ISP prices vary, but that price is close to my 6 Mb/s service  :lol:

1) it isn't "automatic", and you'll need to ask for a HMC [HR34] "and then" it has to be released in your area, as it is not released nationally yet.
2) The receiver doesn't care what type TV is connected to it. "Of course" HD programing will only look "HD" on an HD TV, but there are SD outputs on the receivers.


----------



## Laxguy (Dec 2, 2010)

Cybertoad said:


> You will definitely need high speed internet service at your house so that you can use the on demand Cinema features and also for box updates.


The latter point is incorrect. Updates come via satellite.
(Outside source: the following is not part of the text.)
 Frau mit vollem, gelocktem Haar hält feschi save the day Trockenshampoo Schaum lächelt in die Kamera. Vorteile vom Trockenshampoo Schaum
A good internet connection enhances a lot of things, though, VOD among them.


----------



## tomallison24 (Dec 10, 2008)

veryoldschool said:


> ISP prices vary, but that price is close to my 6 Mb/s service  :lol:
> 
> 1) it isn't "automatic", and you'll need to ask for a HMC [HR34] "and then" it has to be released in your area, as it is not released nationally yet.
> 2) The receiver doesn't care what type TV is connected to it. "Of course" HD programing will only look "HD" on an HD TV, but there are SD outputs on the receivers.


Could be a problem then as i understand the hr34 is the only one with the 1 tb dvr. can't take less. is this a fact?


----------



## veryoldschool (Dec 10, 2006)

tomallison24 said:


> Could be a problem then as i understand the hr34 is the only one with the 1 tb dvr. can't take less. is this a fact?
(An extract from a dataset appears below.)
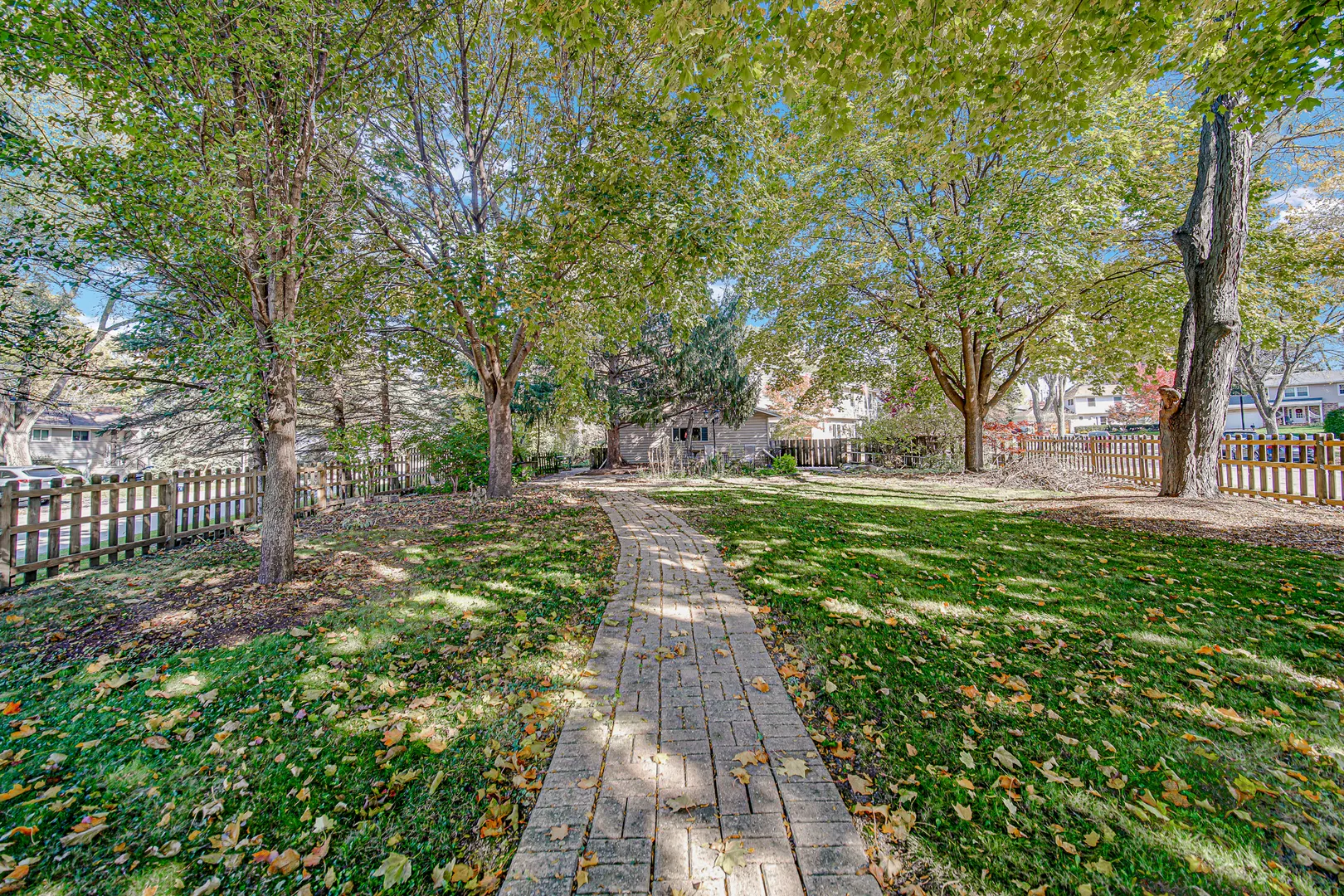 218 Londonderry Court IL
The only one with an internal 1 TB drive is the HR34, more more to the point with them are the five tuners they have.
You can connect up to a 2 TB eSATA drive to all HD DVRs, if drive size it what is important.


----------



## tomallison24 (Dec 10, 2008)

veryoldschool said:


> The only one with an internal 1 TB drive is the HR34, more more to the point with them are the five tuners they have.
> You can connect up to a 2 TB eSATA drive to all HD DVRs, if drive size it what is important.


The one they're offering online for new customers has 5 tuners so it must be the HR34, right?


----------



## veryoldschool (Dec 10, 2006)

tomallison24 said:


> The one they're offering online for new customers has 5 tuners so it must be the HR34, right?
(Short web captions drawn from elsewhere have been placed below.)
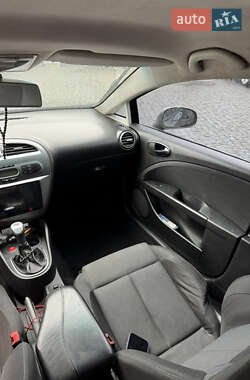 Хэтчбек SEAT Leon 2007 в 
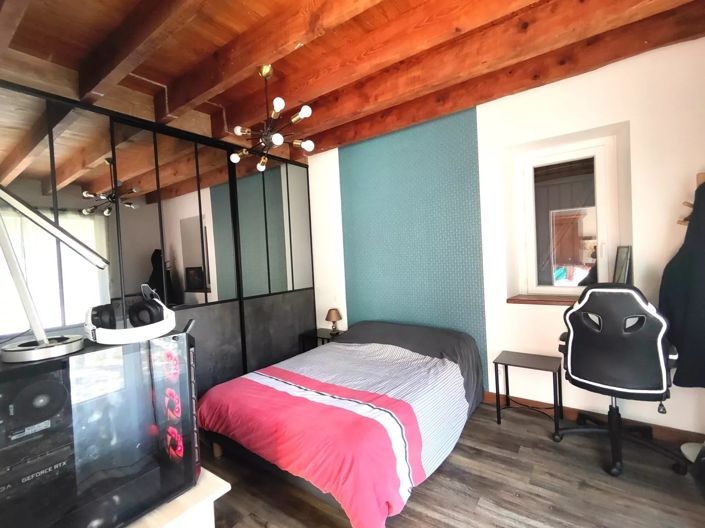 Image No.12-7 Bed House for sale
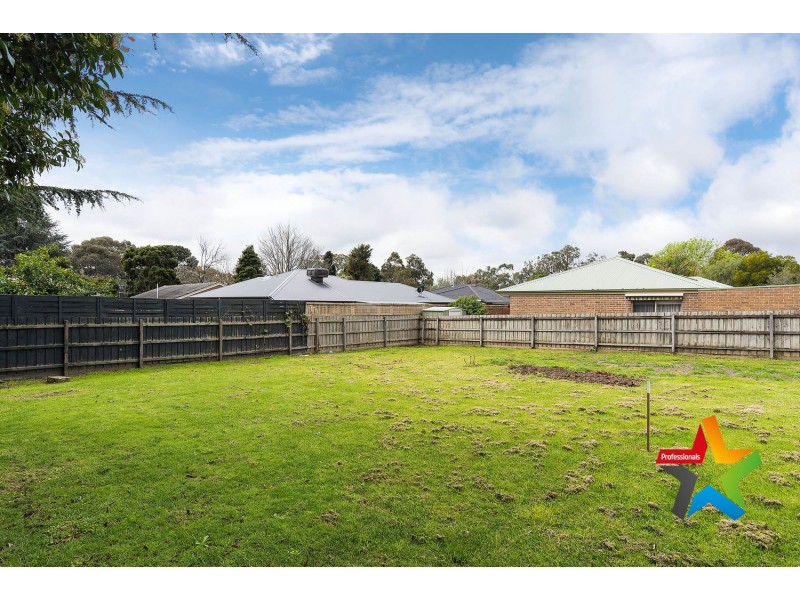 Lot 2, 35 Barclay Avenue, Croydon VIC 3136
That's correct, but it still isn't available "everywhere" so check and make sure that is what you're going to get. There are some that "thought" they would, but the installer didn't have it.


----------



## tomallison24 (Dec 10, 2008)

veryoldschool said:


> That's correct, but it still isn't available "everywhere" so check and make sure that is what you're going to get. There are some that "thought" they would, but the installer didn't have it.


what did they do, refuse installation? I believe I would. What were they brought/how many tuners? Thanks.


----------



## veryoldschool (Dec 10, 2006)

tomallison24 said:


> what did they do, refuse installation? I believe I would. What were they brought/how many tuners? Thanks.


Only the HR34 has the five tuners, all other DVRs have two.


----------



## tomallison24 (Dec 10, 2008)

Thanks again to all that replied. I signed up as a new customer right before the midnight deadline for the current great deal. Premier package, HMC and 3 HD receivers to be installed 1/9. I verified with 3 different people that it would be the 5 tuner model HR34. I did have a CSR tell me that the HMC was only for Samsung TV's. Fortunately I asked her to talk to her supervisor and all ended well.




edit: I just noted that the deal is still showing and it's almost 1 am.


----------



## Kevin F (May 9, 2010)

They may use that same deal or a very similar one to start off the year for a while.

Kevin


----------